F.N.H. : La baisse les taux d’intérêt n’a-t-elle pas eu d’effets positifs sur le marché ?

M. L. : L’impact de la baisse des taux d’intérêt sera limité. L’expérience l’a montré. Les différentes révisions à la baisse des taux n’ont pas eu un effet immédiat sur le marché. Il faut noter que les banques sont impactées par le manque de liquidité, même si Bank Al-Maghrib fait de son mieux pour les approvisionner.

Le problème réside surtout dans le pouvoir d’achat, les ménages sont de plus en plus endettés. Les autres charges courantes sont devenues, elles aussi, très pénalisantes comme les frais de scolarité. 

Il faut actuellement une phase pour écouler l’important stock existant. Les promoteurs ont fait un effort pour baisser les prix avec des régressions allant de 10 à 15%, mais le marasme continue de frapper l’activité. 

Il est temps aussi de revoir le modèle habitat au Maroc, basé essentiellement sur les acquisitions. Il faut intéresser davantage le locatif qui a un rôle à jouer pour absorber le déficit en logements. C’est aussi un créneau très important pour les investisseurs. Le système des HLM continue de fonctionner en France.

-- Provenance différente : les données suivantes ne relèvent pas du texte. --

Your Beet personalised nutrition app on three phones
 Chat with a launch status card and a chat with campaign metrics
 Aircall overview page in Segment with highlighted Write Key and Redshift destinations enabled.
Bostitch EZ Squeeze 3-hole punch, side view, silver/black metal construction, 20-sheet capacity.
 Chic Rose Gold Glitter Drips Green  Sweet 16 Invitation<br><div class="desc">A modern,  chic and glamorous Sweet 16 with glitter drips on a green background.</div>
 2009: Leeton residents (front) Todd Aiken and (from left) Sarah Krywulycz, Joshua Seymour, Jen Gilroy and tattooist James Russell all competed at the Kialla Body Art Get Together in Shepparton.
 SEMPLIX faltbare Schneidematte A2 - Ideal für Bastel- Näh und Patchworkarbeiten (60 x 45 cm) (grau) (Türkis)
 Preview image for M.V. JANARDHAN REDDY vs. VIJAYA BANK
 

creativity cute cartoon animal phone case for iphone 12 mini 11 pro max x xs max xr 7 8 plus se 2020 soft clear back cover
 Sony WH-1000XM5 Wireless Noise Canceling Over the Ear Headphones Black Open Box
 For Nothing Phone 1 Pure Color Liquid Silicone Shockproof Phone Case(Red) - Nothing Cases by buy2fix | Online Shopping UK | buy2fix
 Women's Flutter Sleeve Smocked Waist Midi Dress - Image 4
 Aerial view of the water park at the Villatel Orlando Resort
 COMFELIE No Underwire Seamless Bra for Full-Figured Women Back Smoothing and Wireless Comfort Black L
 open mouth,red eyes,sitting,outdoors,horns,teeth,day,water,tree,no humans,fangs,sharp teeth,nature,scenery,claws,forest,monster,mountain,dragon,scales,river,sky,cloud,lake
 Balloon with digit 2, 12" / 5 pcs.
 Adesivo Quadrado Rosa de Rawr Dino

Pourquoi ne pas créer un modèle similaire ici au Maroc mais avec des conditions adaptées à l’environnement local ?

Il y a des personnes qui ont une forte mobilité professionnelle et ont besoin de changer souvent de logement. Pour les jeunes couples, le créneau leur permet de démarrer leur vie conjugale et de constituer, avec le temps, un apport et acquérir un logement futur. C’est une solution préconisée également pour les familles recomposées.

Actuellement, le marché a besoin d’une nouvelle impulsion pour sa relance. Comme je l’ai dit auparavant, le logement social a fait ses preuves, avec ses qualités et ses défauts. Il a montré plusieurs signes d’essoufflement mais il a permis à des milliers de citoyens d’accéder au logement. C’est plutôt l’offre pour la classe moyenne qu’il faut travailler. Le produit lancé n’arrive pas à s’imposer, car il est en décalage avec les besoins de la cible, d’autant que celle-ci a du mal à épargner.

Au niveau fiscal, il est opportun d’exonérer l’acquisition d’un deuxième logement, comme en France. Cela permettra de donner une nouvelle dynamique au secteur. 

 

F.N.H. : N’y a-t-il pas aussi un équilibre à faire entre l’offre de logements en centre-ville et celle en périphérie urbaine ? 

M. L. : A l’intérieur de Casablanca, toutes les offres de type appartement dans des immeubles R+5 ne trouvent pas de difficultés pour être écoulées. 

Mais le problème réside surtout dans les nouvelles zones urbanistiques, comme Dar Bouazza, Nouaceur, Bouskoura, où on recense un stock important. 

Les ventes se font lentement et la période d’écoulement des produits prend de plus en plus de temps.